I have never been a real resolution kind of person, even before Elizabeth was born.  I guess my logic was always why wait until the start of the year to make changes or adjustments?

Why not try to make those changes on say, a random Friday in June.  In other words, we don’t need to mark positive adjustments as things we do ONLY when the ball has dropped and the calendar has flipped.

It is funny that I was not this kind of person even before Elizabeth

When you have a child like Elizabeth, who has special needs, you find your life changed forever.  The clear cut outline of developmental milestones and “baby’s firsts” are replaced by the ever changing needs of your child’s special needs.  No longer do you look at the charts and know what should come next.  You, instead, look at your child and wonder “what should we DO next?”

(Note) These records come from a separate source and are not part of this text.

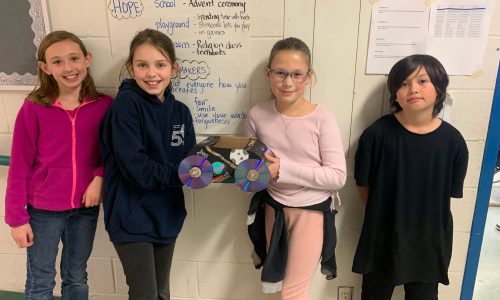 Four students pose with a small car created from items from a junk drawer.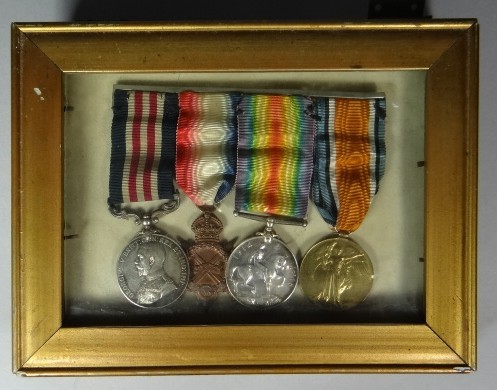 A Military Medal and 1914-15 trio all to 42271 Pte. J. Thomas, R.A.M.C. in frame previously kept by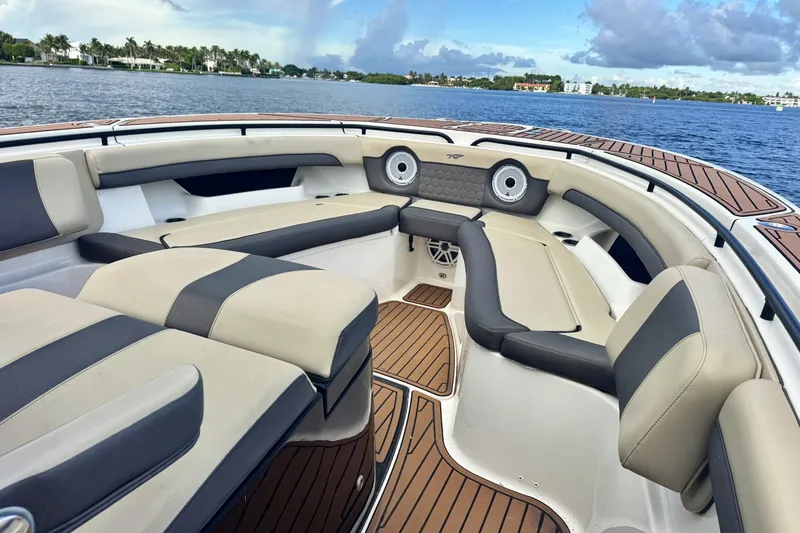Slide: The Image of 2019 Tidewater 320 CC Adventure boat interior with luxurious seating and scenic water view. - 15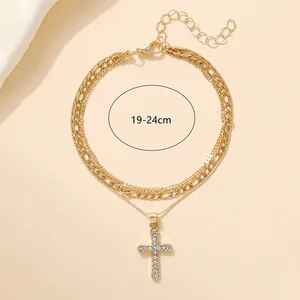 Double-layered gold chain bracelet with a sparkling rhinestone-encrusted cross pendant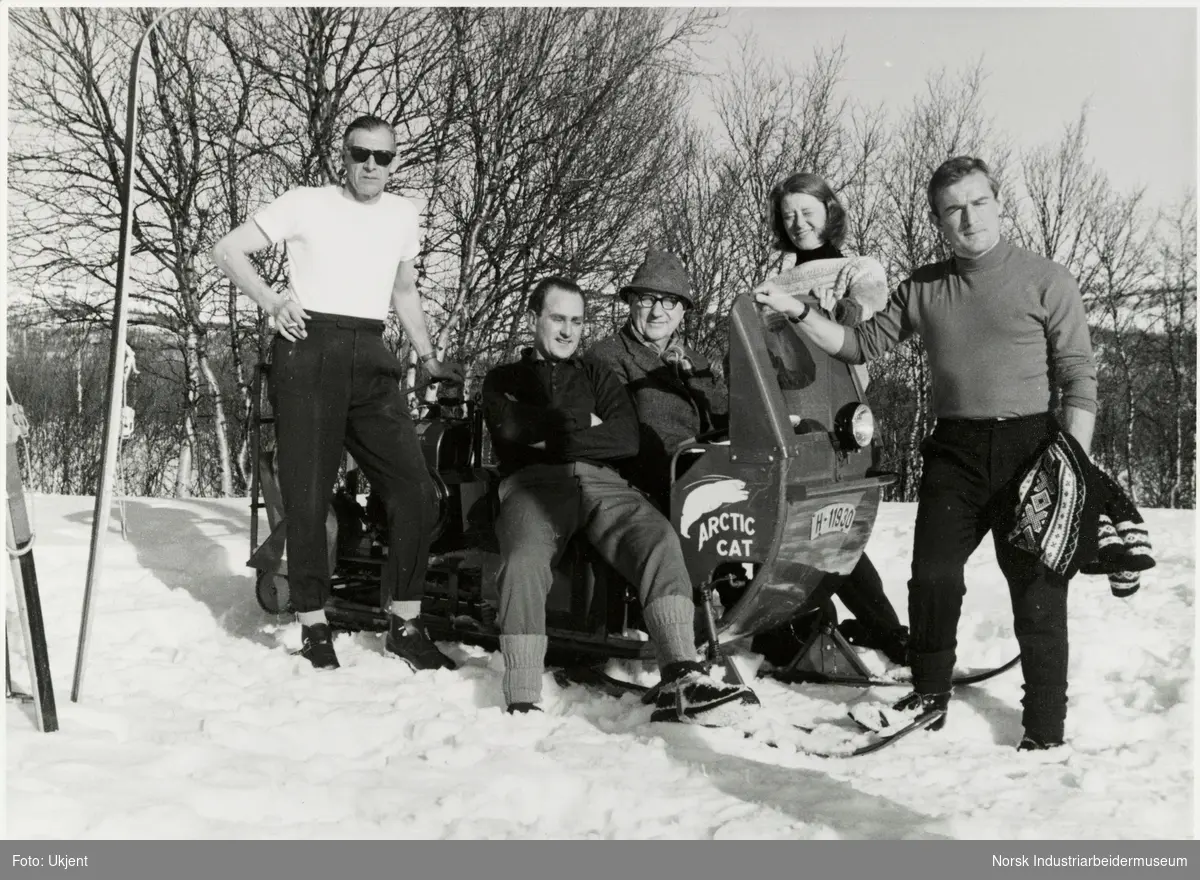 James Coward på snøskuter med merket Arctic cat, datteren Unni Coward står ved siden av sammen med Keith Softby, Eric Turner og Anthony Pratt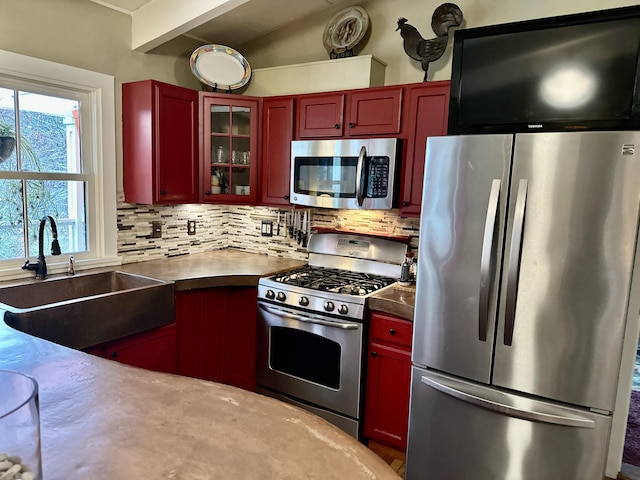 53 Highland Rd, North Truro, MA 02652 - kitchen with stainless steel appliances, reddish brown cabinets, a sink, decorative backsplash, and glass insert cabinets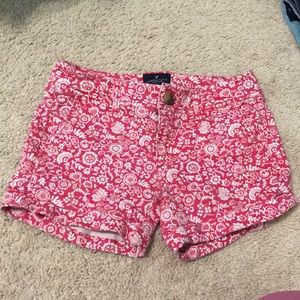 Red and pink American eagle shorts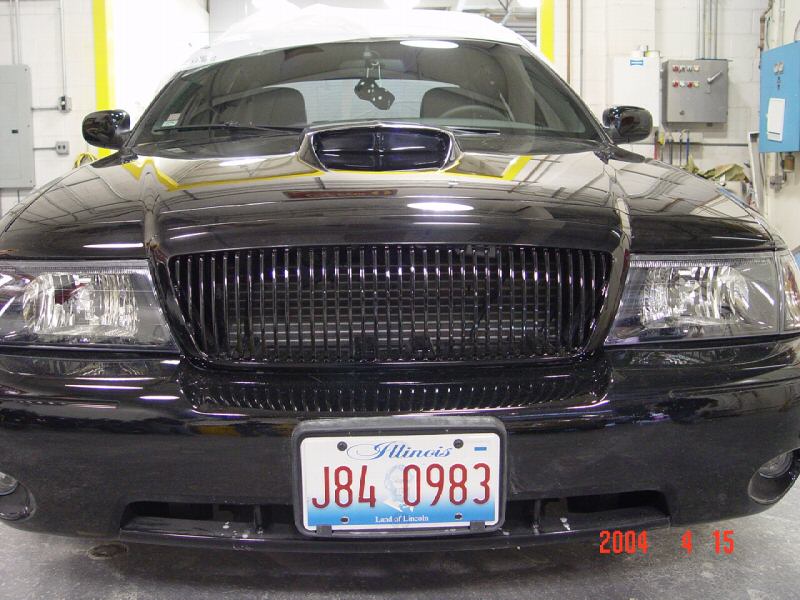 Black sedan front view showing custom grille and hood scoop. Illinois license plate J84 0983 visible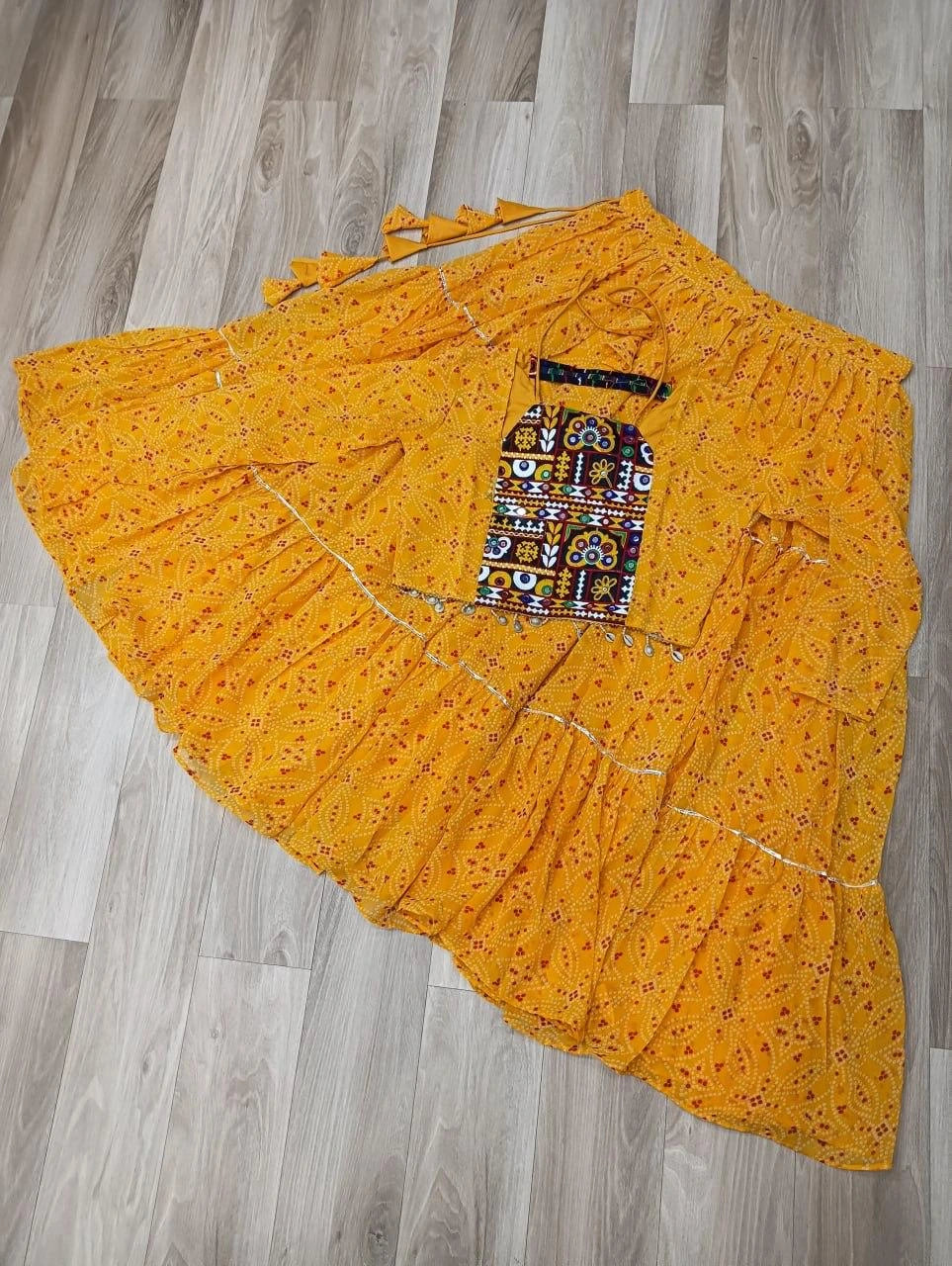 Yellow floral dress with a colorful pocket on a wooden floor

We are some 19 years into our journey with Elizabeth and as such, we have honed the skills of both assessment and adjustment.

We have become veritable professionals at keeping our eyes on the happenings of today and yet, still be able to plan for the next step.

We have been at this for so long, that I cannot imagine doing things differently for Elizabeth.  I must admit, I often wonder how it would be to look at a new school year as simply the opportunity to get some really cool new school supplies ( I ALWAYS loved new school supplies….a new school year? not so much… but the supplies? YES)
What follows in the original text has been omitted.